Working data Block Start
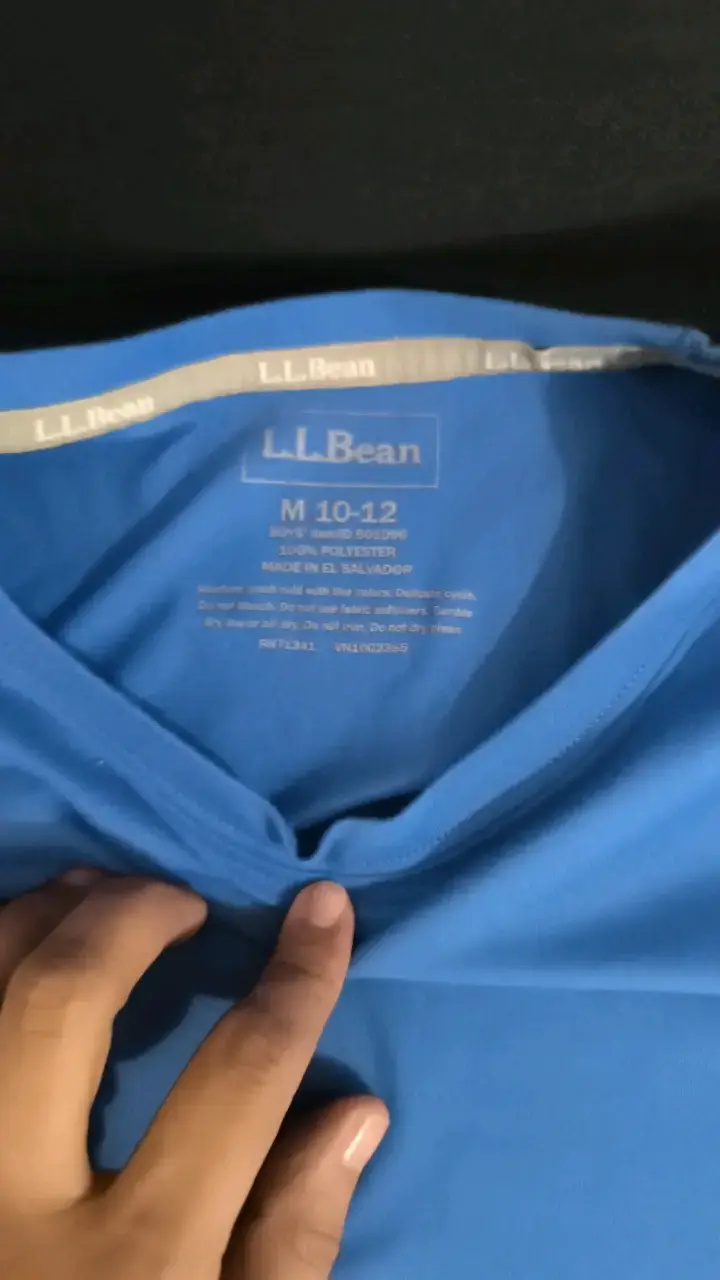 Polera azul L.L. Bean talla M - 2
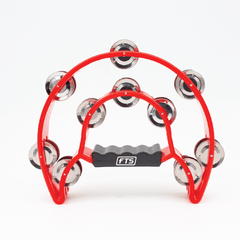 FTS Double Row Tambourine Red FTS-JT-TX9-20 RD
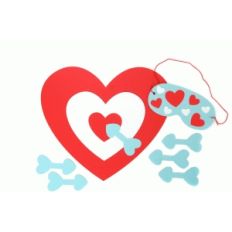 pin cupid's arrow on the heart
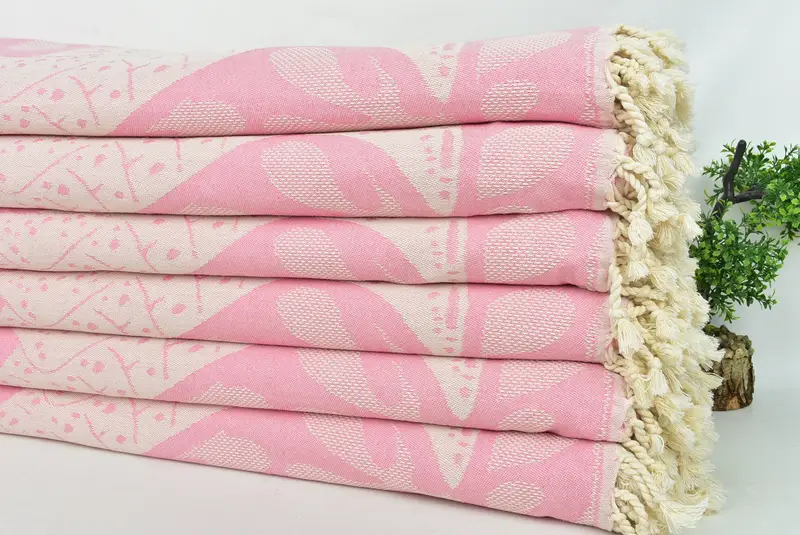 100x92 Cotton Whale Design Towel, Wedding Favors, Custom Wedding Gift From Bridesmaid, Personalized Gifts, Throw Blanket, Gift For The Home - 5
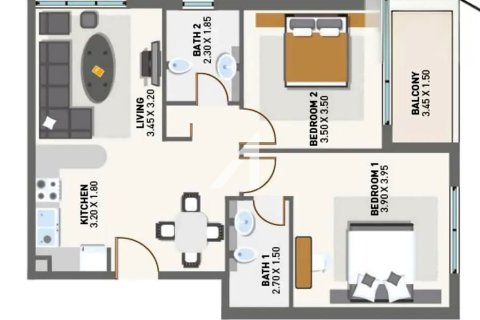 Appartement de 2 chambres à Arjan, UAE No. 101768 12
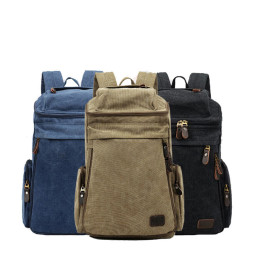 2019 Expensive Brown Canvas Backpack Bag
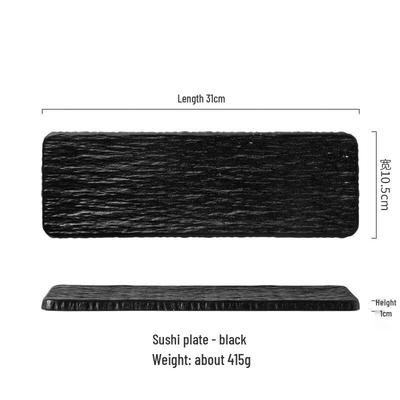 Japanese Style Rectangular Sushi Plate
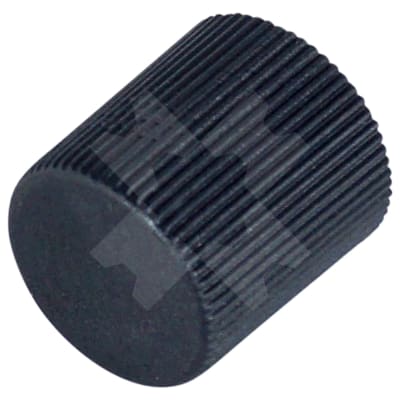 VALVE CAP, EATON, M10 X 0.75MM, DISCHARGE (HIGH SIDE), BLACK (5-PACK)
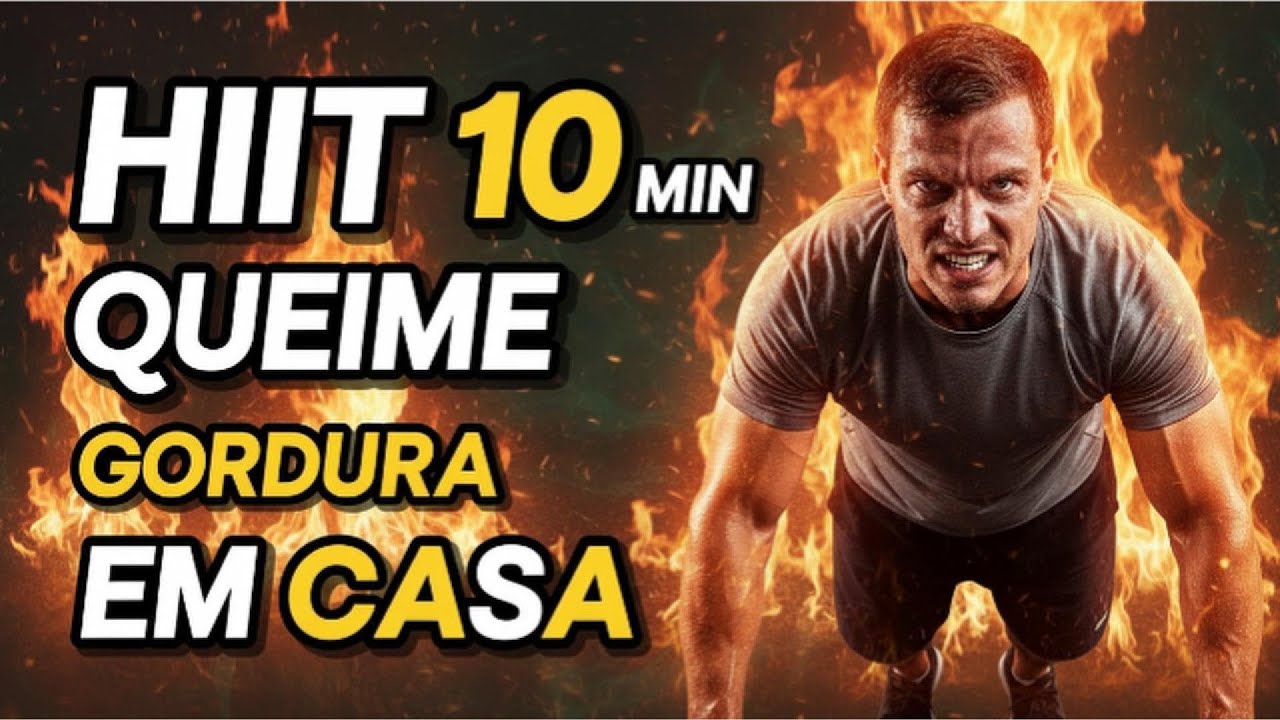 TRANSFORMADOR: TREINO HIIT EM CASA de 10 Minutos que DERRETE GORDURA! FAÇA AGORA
Working data Block End
Working data Block Start
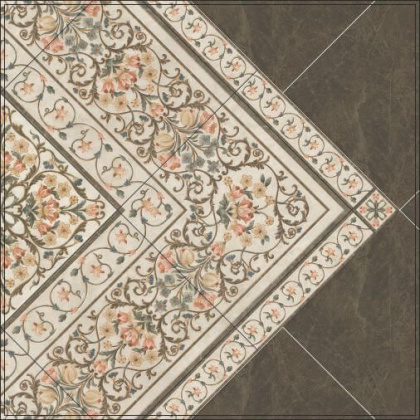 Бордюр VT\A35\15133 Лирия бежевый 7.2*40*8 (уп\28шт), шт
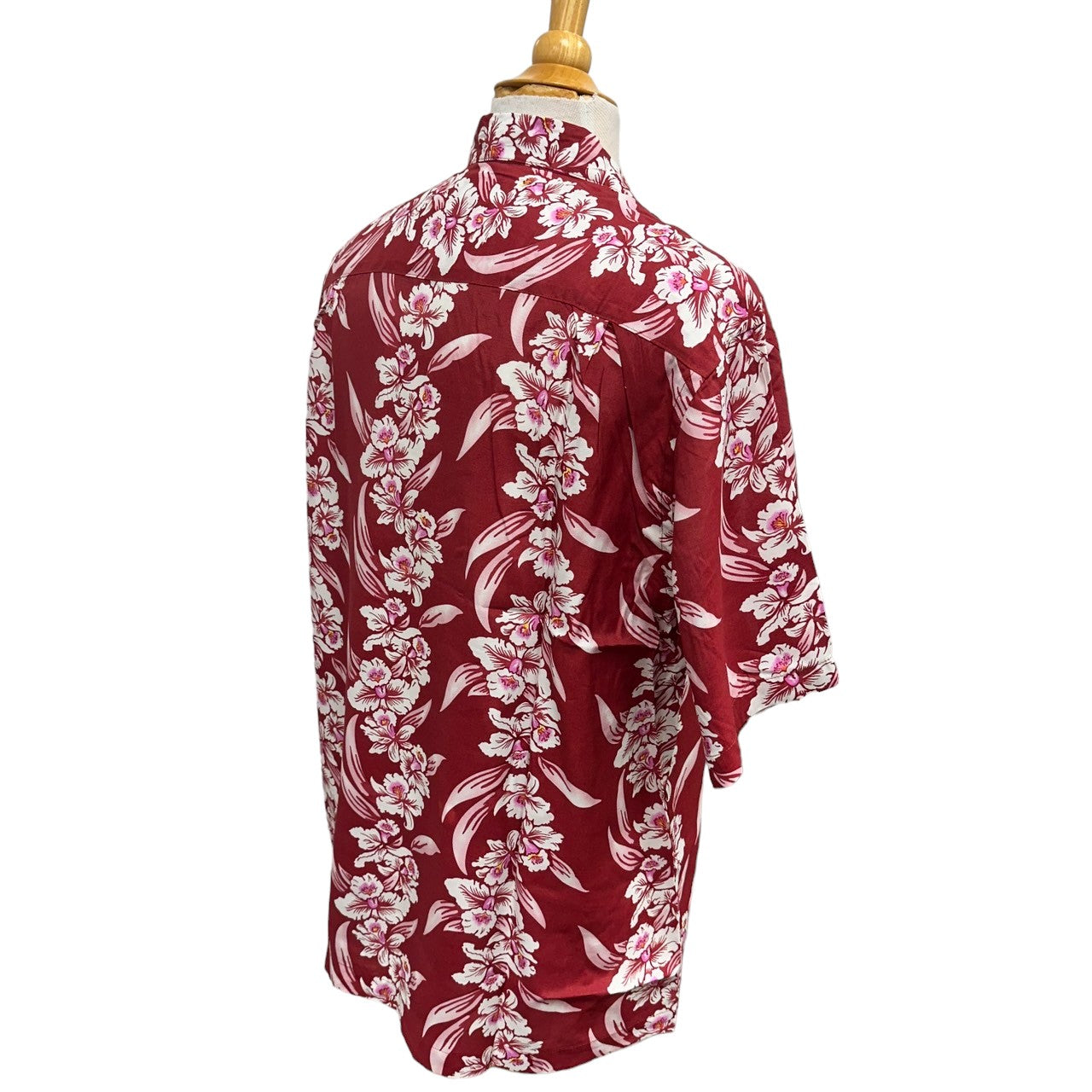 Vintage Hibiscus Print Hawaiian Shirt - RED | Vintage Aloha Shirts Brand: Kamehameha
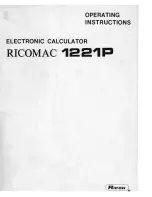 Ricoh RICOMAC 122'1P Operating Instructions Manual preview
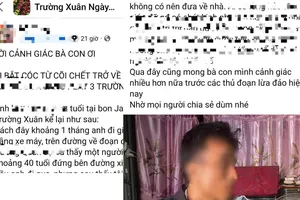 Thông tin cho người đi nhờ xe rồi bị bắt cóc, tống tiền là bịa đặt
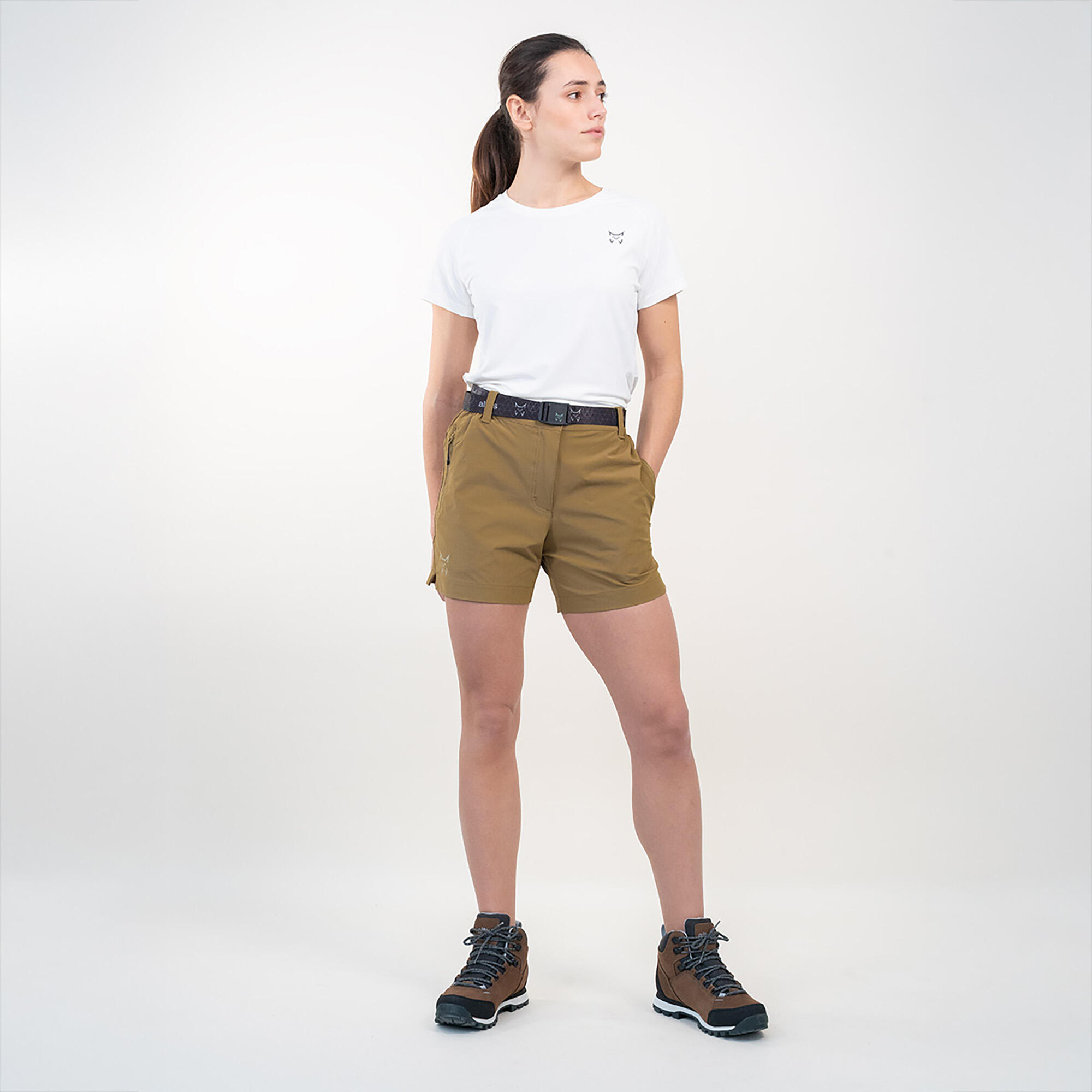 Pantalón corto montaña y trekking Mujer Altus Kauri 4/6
Working data Block End
Working data Block Start
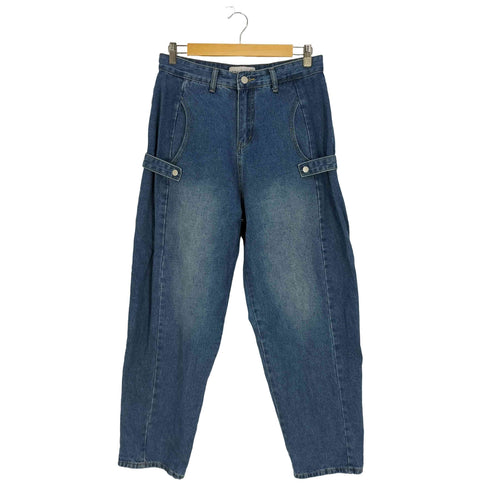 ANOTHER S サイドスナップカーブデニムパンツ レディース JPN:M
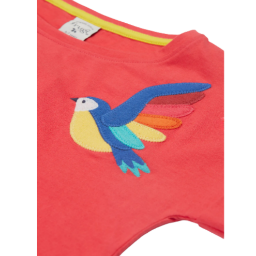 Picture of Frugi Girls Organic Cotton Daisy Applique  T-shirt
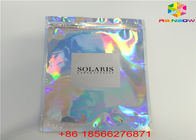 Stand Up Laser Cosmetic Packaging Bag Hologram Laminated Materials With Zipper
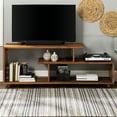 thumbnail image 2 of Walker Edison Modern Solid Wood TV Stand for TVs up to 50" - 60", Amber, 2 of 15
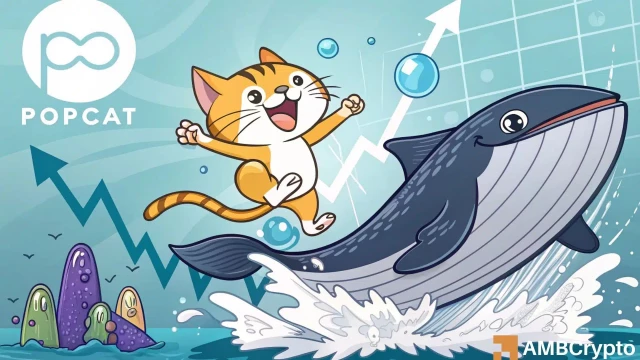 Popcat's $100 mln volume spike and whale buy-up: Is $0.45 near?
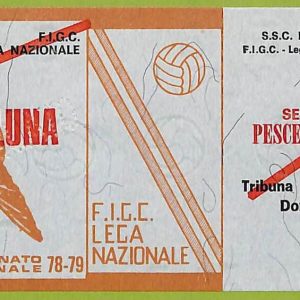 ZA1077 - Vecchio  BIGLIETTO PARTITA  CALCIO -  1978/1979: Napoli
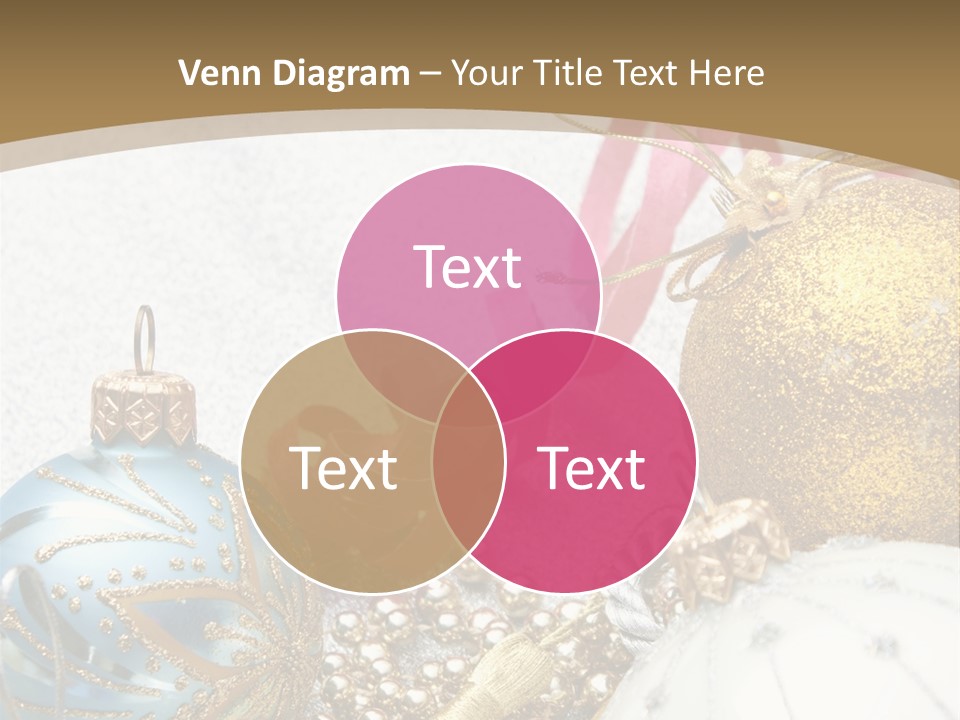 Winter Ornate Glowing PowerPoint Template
Working data Block End
> What to produce
Set down word for word the lines above from the one with "Polera azul L.L. Bean talla M - 2" up to and including the one with "pin cupid's arrow on the heart". Omit every picture.

> Result of this task
 Polera azul L.L. Bean talla M - 2
 FTS Double Row Tambourine Red FTS-JT-TX9-20 RD
 pin cupid's arrow on the heart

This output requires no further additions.